# EXERCISE MATERIAL
= = = = =
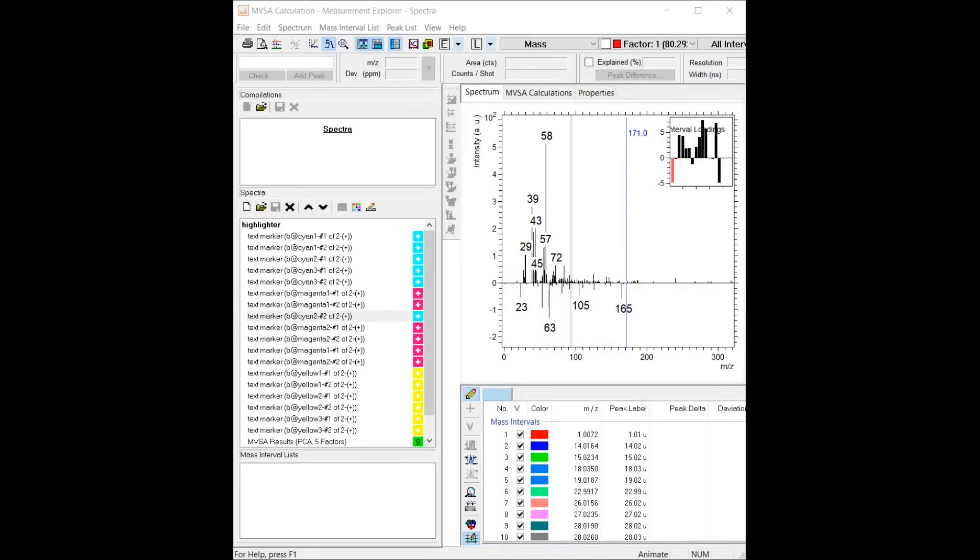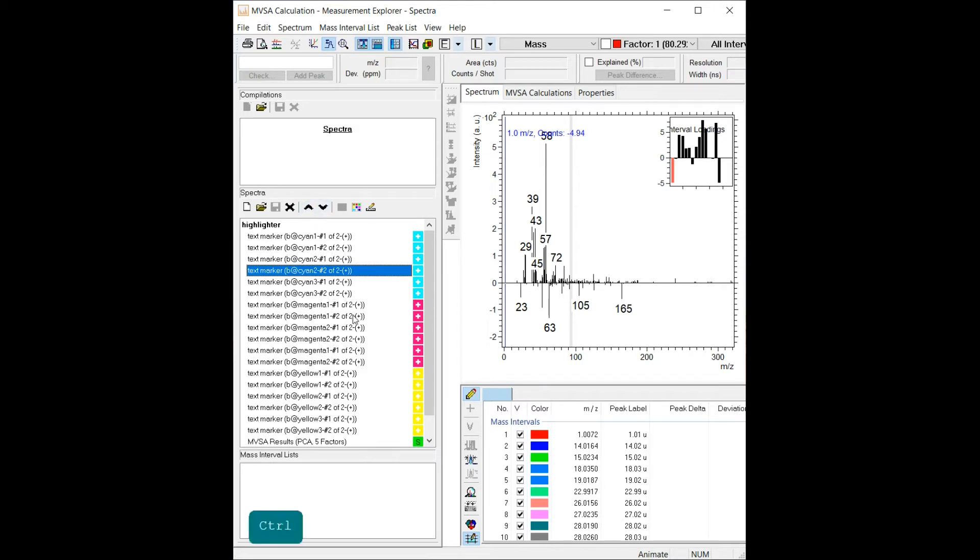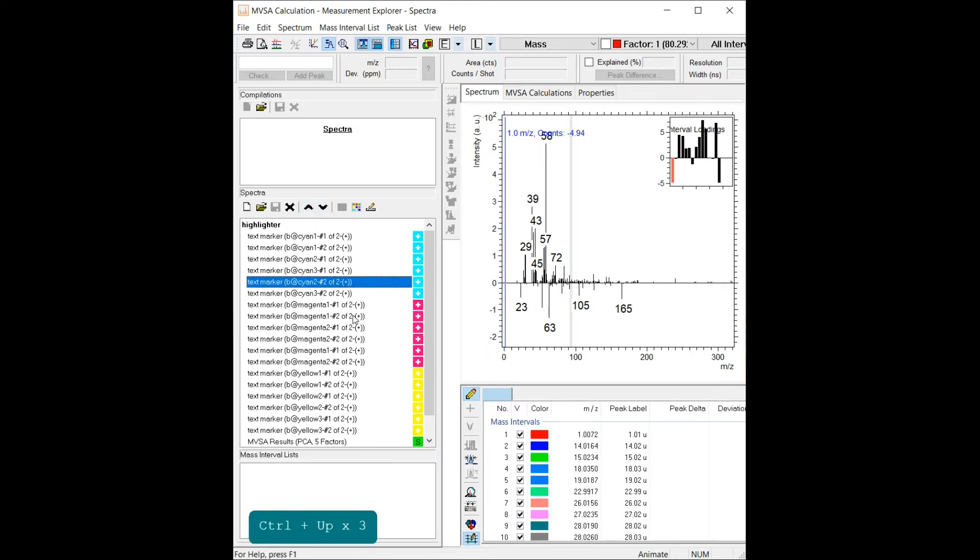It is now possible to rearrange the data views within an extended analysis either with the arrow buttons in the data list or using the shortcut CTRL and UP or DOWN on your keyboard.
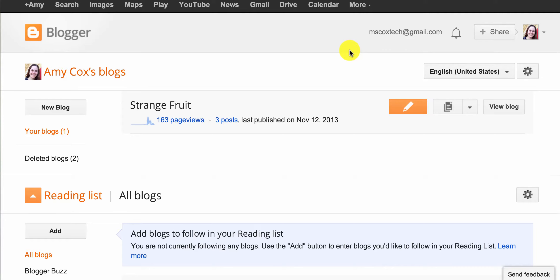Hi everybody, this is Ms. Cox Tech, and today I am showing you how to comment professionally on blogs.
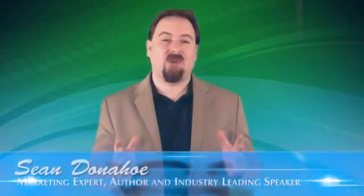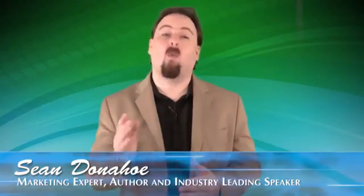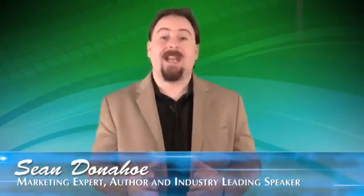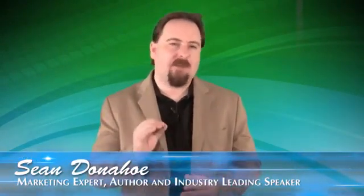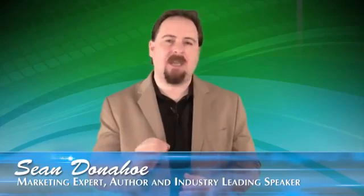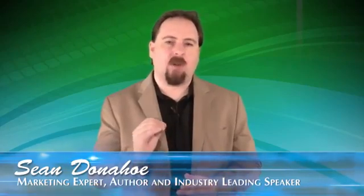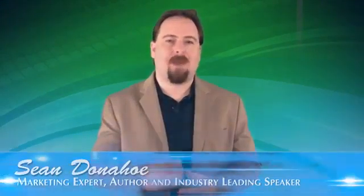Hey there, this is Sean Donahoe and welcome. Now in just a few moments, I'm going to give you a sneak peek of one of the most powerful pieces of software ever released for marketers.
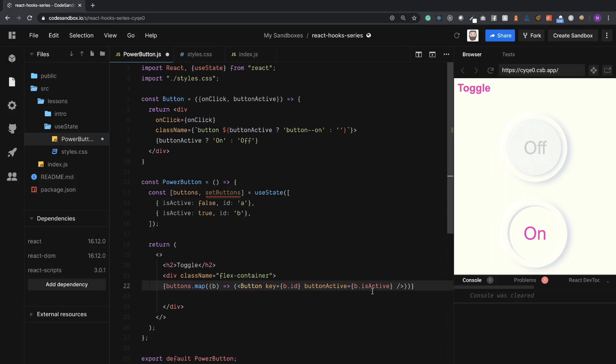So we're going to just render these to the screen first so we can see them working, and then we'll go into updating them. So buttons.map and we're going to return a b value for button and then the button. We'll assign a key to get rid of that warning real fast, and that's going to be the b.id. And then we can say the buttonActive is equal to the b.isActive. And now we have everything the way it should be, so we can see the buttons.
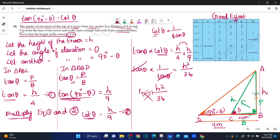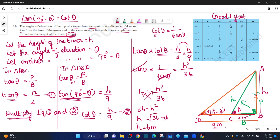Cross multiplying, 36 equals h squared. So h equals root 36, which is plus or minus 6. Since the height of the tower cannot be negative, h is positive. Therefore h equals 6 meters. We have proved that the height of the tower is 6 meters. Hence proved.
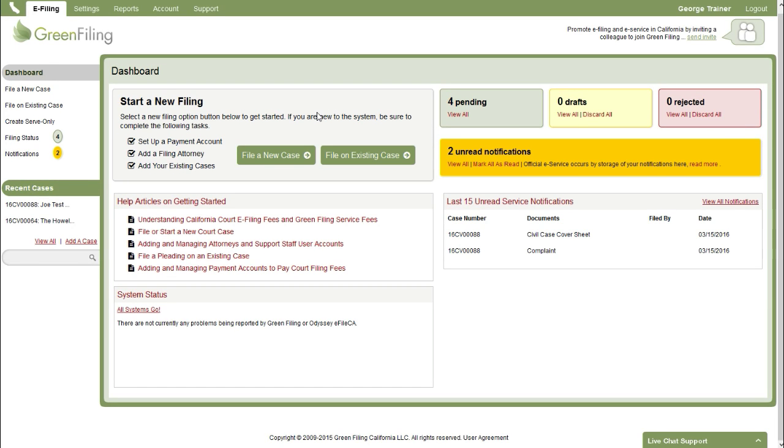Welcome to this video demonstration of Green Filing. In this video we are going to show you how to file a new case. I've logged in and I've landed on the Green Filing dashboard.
= = = = =
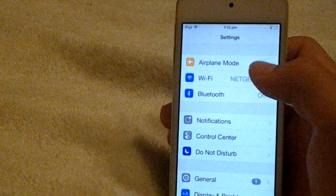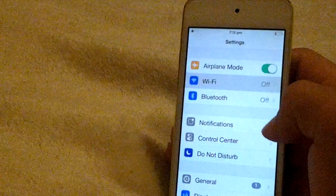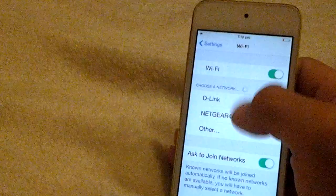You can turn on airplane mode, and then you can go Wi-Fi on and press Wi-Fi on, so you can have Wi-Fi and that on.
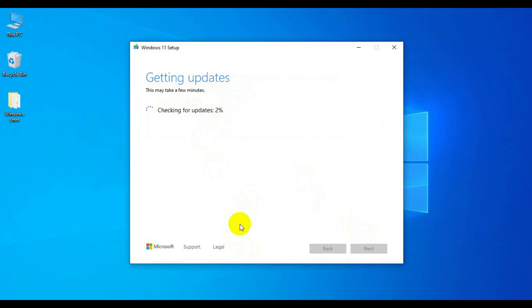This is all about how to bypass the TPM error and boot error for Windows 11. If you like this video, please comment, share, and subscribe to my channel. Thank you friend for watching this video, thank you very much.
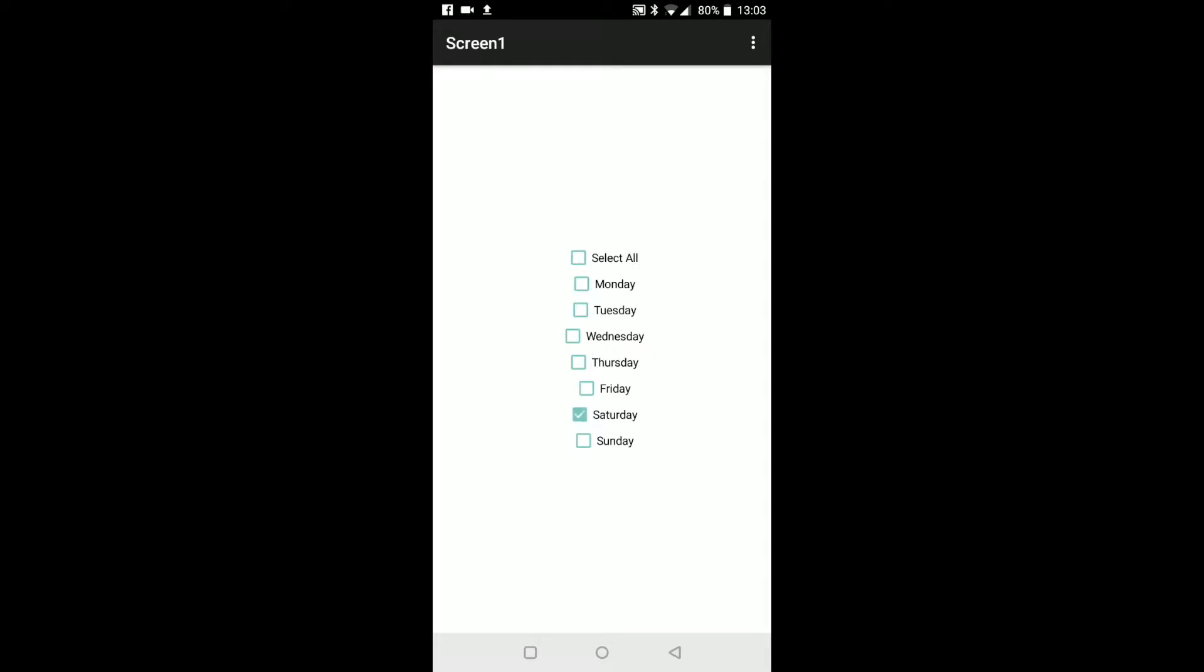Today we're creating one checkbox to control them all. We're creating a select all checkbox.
= = = = =
# WORK TO COMPLETE
After locating the line containing "Cross multiplying, 36" in the entries above, return it and every line after it exactly, ending at the line containing "Welcome to this", without pictures.

# OUTPUT FOR THIS TASK
Cross multiplying, 36 equals h squared. So h equals root 36, which is plus or minus 6. Since the height of the tower cannot be negative, h is positive. Therefore h equals 6 meters. We have proved that the height of the tower is 6 meters. Hence proved.
Welcome to this video demonstration of Green Filing. In this video we are going to show you how to file a new case. I've logged in and I've landed on the Green Filing dashboard.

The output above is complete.